Soon it will be 10 months since my mother died while under hospice care here at my home. Life and death can be so simple and yet so complicated. Death brings relief from suffering and a whole new class of suffering for those left behind. I think the worst of it was the family chaos. Family members who neglected my mother all of her elderly years suddenly demanded free access regardless if she was up to it or not. It ended up with myself my husband and niece shouldering the burden of not only her care but protecting her through the dying process. Everyone deserves to die in peace. That’s the least we should have to cope with. I mean, we are dying! Can anything get harder that trying to die in peace with dignity?

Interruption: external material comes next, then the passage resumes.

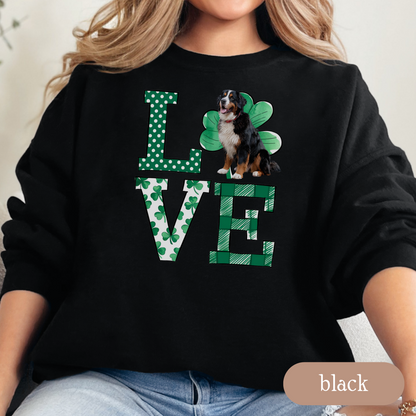 Bernese Mountain Dog Love Shamrock Sweatshirt, St Patricks Day Crewneck Sweatshirt, Irish Gift, Bernese Lover Apparel, Green Clover Top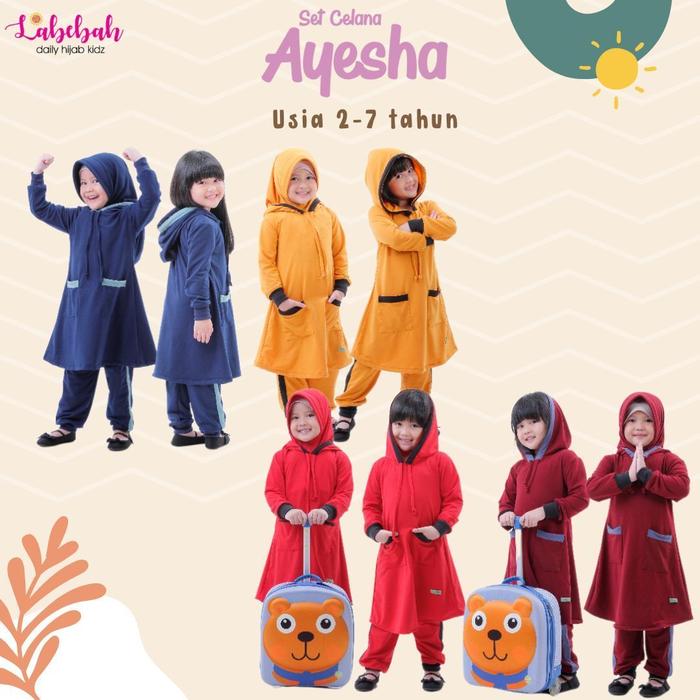 LABEBAH SETELAN OLAHRAGA ANAK PEREMPUAN USIA 2-9 TAHUN AYESHA SERIES HOODIE TUNIK POLOS SET JOGGER T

Her passing has caused me to look into death with dignity i.e. giving the dying the choice of when and how to end it. Up till now I felt that physician assisted suicide was wrong for many reasons. One reason was that depression could factor in to the decision, depression that may be treated with medicines. As the saying goes; suicide is a permanent solution to a temporary problem. The problem with applying this is that it is backwards in someone dying. Dying is the permanent solution to temporary suffering. When one gets to that point where there is no turning back, no drugs or surgeries are going to fix this just suffering upon suffering, the individual should be given the choice. After watching my mother die a slow horrible death from cancer I now see things differently. No wonder people prefer to shuffle their elderly loved ones into lonely often horrific care facilities to die alone. Dying is ugly, it can be hard on everyone and takes great fortitude to help someone die at home.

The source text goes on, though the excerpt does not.